Thanks for the photos. The 8GB is what I have on the way. What I'm concerned about is the clearance between the side panel and GPU. All I plan to have is 2 120mm bequiet fans. 

But I'm thinking about just getting the 1060.

Excuse my ignorance, but what's P/P?


----------



## scgt1

runway07r said:


> Thanks for the photos. The 8GB is what I have on the way. What I'm concerned about is the clearance between the side panel and GPU. All I plan to have is 2 120mm bequiet fans.
> 
> But I'm thinking about just getting the 1060.
> 
> Excuse my ignorance, but what's P/P?



Push/Pull


----------



## runway07r

scgt1 said:


> Push/Pull


Thanks. I'm still not sure what card to get. I want the RX 580, but it's hard to find one that will fit. 

Maybe I should stick with the 1060?


----------



## scgt1

runway07r said:


> Thanks. I'm still not sure what card to get. I want the RX 580, but it's hard to find one that will fit.
> 
> Maybe I should stick with the 1060?


If you stick within the measurements of the Asus Strix card I posted you should be fine. You can't go any wider though unless the plug is more recessed or you don't run the side window. LOL With that width as a max measurement you need to keep an eye on where the plug/s is/are though. If it sticks out further then the Asus you won't be able to use it because the Asus already causes the cables to touch the side window.


----------



## runway07r

I just went with the 1060 FE; I hope I don't regret it.


----------



## runway07r

Anyone know how to change the orientation of the front logo on the 240? I tried changing it, but can't.


----------



## Chipsaru

runway07r said:


> orientation of the front logo on the 240?

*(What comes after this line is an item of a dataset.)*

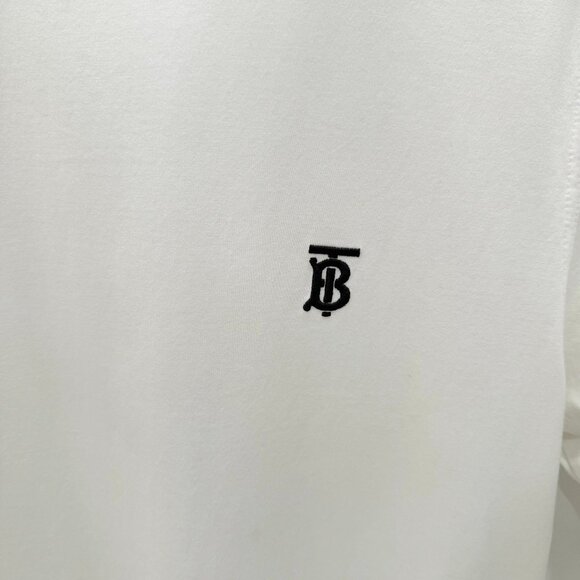 Burberry White T-Shirt Women - Picture 3 of 7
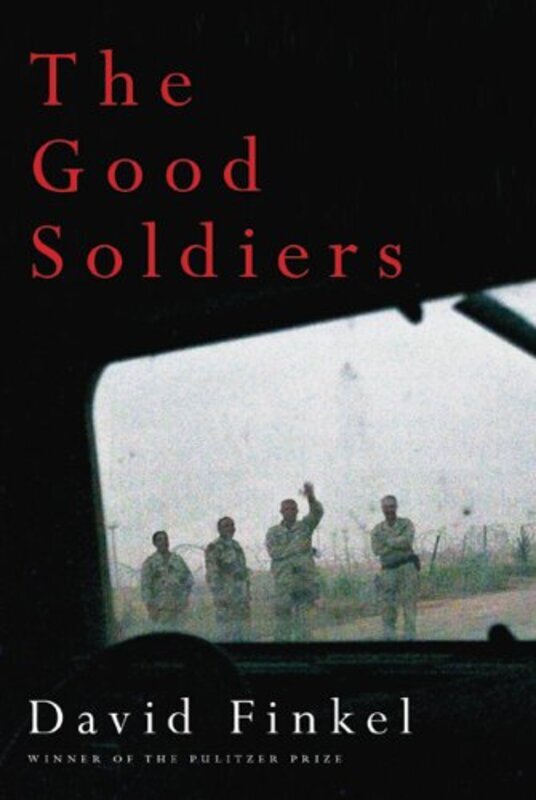 Book cover for "The Good Soldiers" by David Finkel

Simply push it out from inside and rotate


----------



## runway07r

Chipsaru said:


> Simply push it out from inside and rotate


Thanks. Doesn't seem magnetized. It's more of a clip where you have to push it out and orient it as you wish.


----------



## mAs81

Slight upgrade for the gf's Air 240 HTPC ; she got my old 290 and ram so it's better color coordinated now


----------



## stuff79

Nice color combo there. Did not think a card that thick could fit=)


----------



## stuff79

Here's my little setup, I know a bit late to the show so to speak. Especially given the fact that the updated version (280x) is already in the market. Cheers=)


----------



## mAs81

stuff79 said:


> Nice color combo there. Did not think a card that thick could fit=)


Thanks  and welcome to OCN!
(Don't forget to put your rig in your sig so that ppl can see your hardware , and happy posting) 

.. the Vapor-X 290 fits great,tho the cables might be touching the side panel when closed but not so much as to warp it or anything..




stuff79 said:


> Here's my little setup, I know a bit late to the show so to speak. Especially given the fact that the updated version (280x) is already in the market. Cheers=)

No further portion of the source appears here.